Shannon Prete, affectionately referred to as a “wrestle-pedia” by his friends, uses his love for wrestling and his love for God to minister to people in his community. But he must overcome a few challenges to make that work.
Prete, part of Imagine, a Christian Reformed faith community in Bozeman, Mont., volunteers approximately 24 hours a week in helping with school or nonprofit activities. Prete also happens to have cerebral palsy and is legally blind.
Shannon Prete (left) with friend John Ricker:
“What challenges am I using as an excuse to not do what God says?”
Prete believes that God uses his physical challenges as a way of breaking down barriers.
“I believe that I’m allowed to be in the [physical] position I’m in so that I may be more approachable,” said Prete.
Those whose lives he has touched see beyond his physical limitations. “The wit, humor and smiles from Shannon are non-stop. . . . He’s not handicapped. We don’t see him that way at all,” said John Ricker, the father of two high school wrestlers whom Prete has befriended.
One of the ways Prete helps out is as a team host during wrestling tournaments. Michael Carpenter, 19, remembers Prete’s support during his high school career. “I’ve had a lot of people supporting me, but it was nice to have someone who had no connection to a wrestling program but he was always there anyway,” said Carpenter. “Most of the other people were connected by family or they had to be there. He did everything he could to be at every wresting tournament that I was at. That’s pretty significant to me.”

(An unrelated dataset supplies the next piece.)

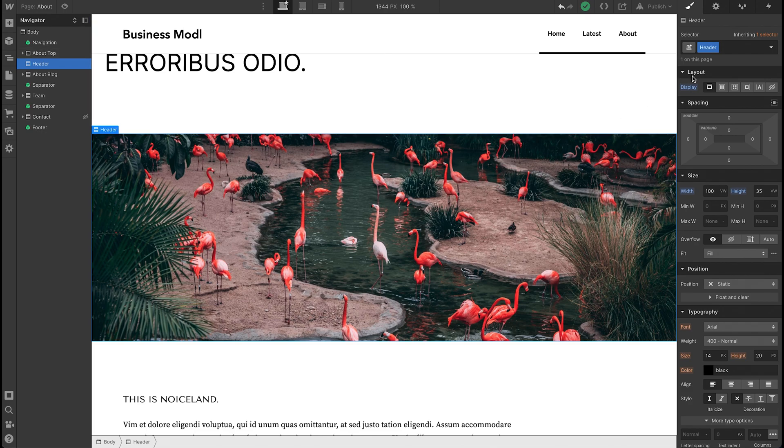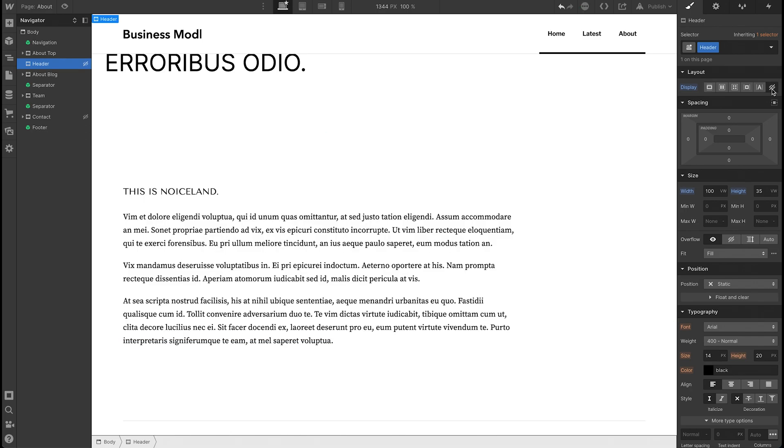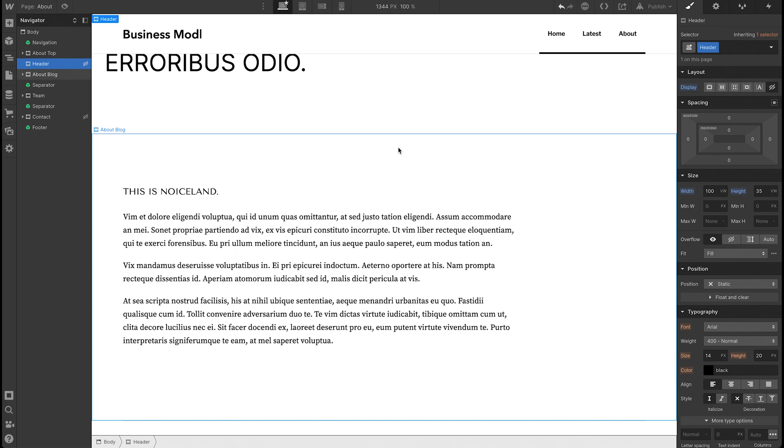What you want to do is go to layout and then hit this eye icon at the rightmost side. Once you click that, the element that you have selected will be hidden.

Prete sees obstacles as challenges to be met. “What challenges am I using as an excuse to not do what God says? Maybe I’m tired or can’t find a ride. We can always find ways to not do what God says,” he said. “If you’re going to talk about overcoming challenges, it’s that. What is more important to you than the Lord? Being courageous has nothing to do with not being afraid. It’s what you do when you are.”